Given that you can still have around 6 months in Spain ( two separate blocks) I would suggest splitting your time between the two countries until maybe you reach retirement . 59 is young to retire in Spain and given you arent allowed to work and are going to end up paying alot more tax on your savings it doesn't sound financially great. Plus if you return to uk ( many do as health becomes a primary issue) you will have ended up paying lots of tax to Spain with no real benefits ( you wont even qualify for free healthcare) and then find in uk you have considerably reduced your hard earned savings. Unfortunately the two systems do not align so that Brits who have spent the working lives saving in respect to the uk system basically loose all that as soon as they move to spain. In Spain people have a completely different system for effectively saving with money being shifted around between family members to escape individual taxes and probably alot of cash floating around.


----------



## Barriej (Jul 23, 2012)

Ferryden said:


> Just cashed in our Premium Bonds! 😀
> 
> SIPP pensions are already held tax free in the UK. I assume the form you refer to is the Spanish Tax Authority’s official confirmation of Spanish tax payment, to ensure your private pension is taxed (as savings) in Spain?
> 
> *I’ve got to admit that annually reporting every individual stock/fund performance within my portfolio sounds a real chore ..😢).*


Nope pensions are not taxed until you take them and then the monthly amount is taxed as income, the fund until then is just a fund. Growth and loss are not taxed (or thats what the accountant we used told me)
Just give the accountant the annual report and let them do it. Im lucky as my pension is held in a group account (was my work pension) and the investments cannot be changed, mine are spread over around 12 companies/mines/property/investments and so its easy to report. 
Thats why everyone should be taking the 25% tax free lump in the Uk before moving over, cash etc savings are tax free. 
I own a classic and when (ha if and over my dead body)I sell it, the sale and subsequent profit is not taxable either..

There are two systems. The Modelo 720 which is used for all investments, property, insurances, premium bonds and cash held anywhere in the world over €50,000 per type, but its a reporting tool only. (it was introduced to stop Spanish people salting money away overseas) And Spain knows about the money anyway, because the accountant who did our 720 told me (via an interpreter) that he already had the figures for my pension (which is held and can only be paid in the Uk) before I confirmed it.
This only has to be filled once as long as the amount the holdings change is less than €20,000 in either direction. The accountant didn't put our Premium bonds down as we had less than the €50,000.
My pension had to be broken into its holdings, even though none were over the minimum limit, together they were. 

They inputted the original cost when I took the plan (for me 2017) and the gains or losses since then.
I will for the €125.00 it cost, make them do it annually anyway as I've seen what an ivestigation by the tax mani in the Uk is like and I can only imagine that here its far, far more invasive.

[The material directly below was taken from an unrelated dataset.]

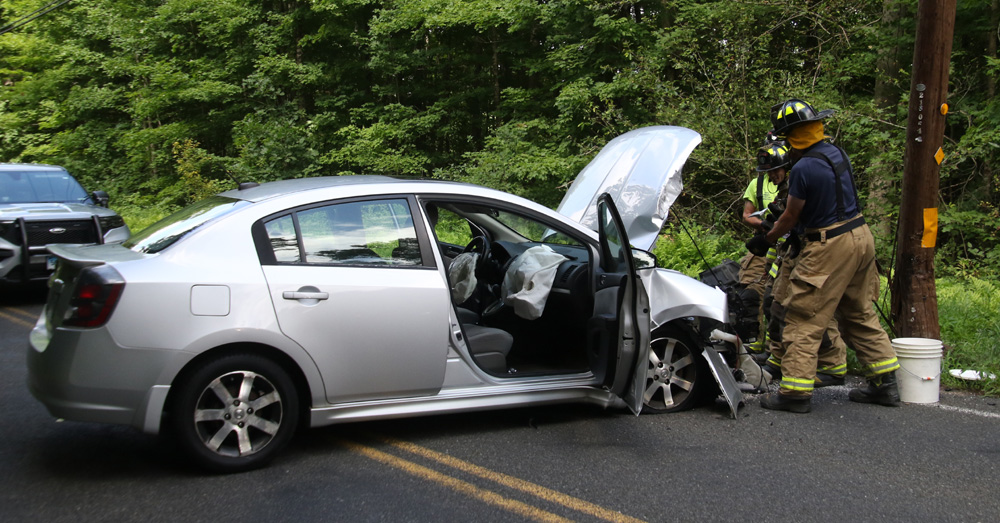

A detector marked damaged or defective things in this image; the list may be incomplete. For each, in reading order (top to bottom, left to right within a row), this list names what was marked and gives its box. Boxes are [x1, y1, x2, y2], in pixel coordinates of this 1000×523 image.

The other is the general tax return. You have to file, if you are not employed its like Uk self assessment.
So I only have my private pension, interest on Building society account, premium bond winnings. OH and Santander Spain gave us a €100 'bonus' last year for keeping our bank accounts in perfect order (this has to be declared). 
We filed as a couple because my wife has no private pension and you benefit from increased allowances. 
The tax return I recieved from the accountant was nine pages long, but most of the boxes were blank. I doubt i could have filled this in without making a mistake so the €85.00 was a bargain in my eyes. 
I will continue to use them as my 'income' from pensions and the odd bit generated in the UK for a small business that pays me irregular sums means it wont be a simple box ticking exercise.


----------



## Ferryden (7 mo ago)

Thanks kaipa. I do get your point completely, having been a little bit taken aback by the relative difference in tax environments, however I’m currently paying for two properties- UK home and Spain rental, which I’m not getting most use from. Hence plan to sell UK home.

My thought was if I am mainly using cash savings for the next 4-5 bridge-years I would be paying very little tax at all (relating to interest and wealth tax) if it’s primarily not income related. That would cost me c£180-£200k before wife’s pension arrives.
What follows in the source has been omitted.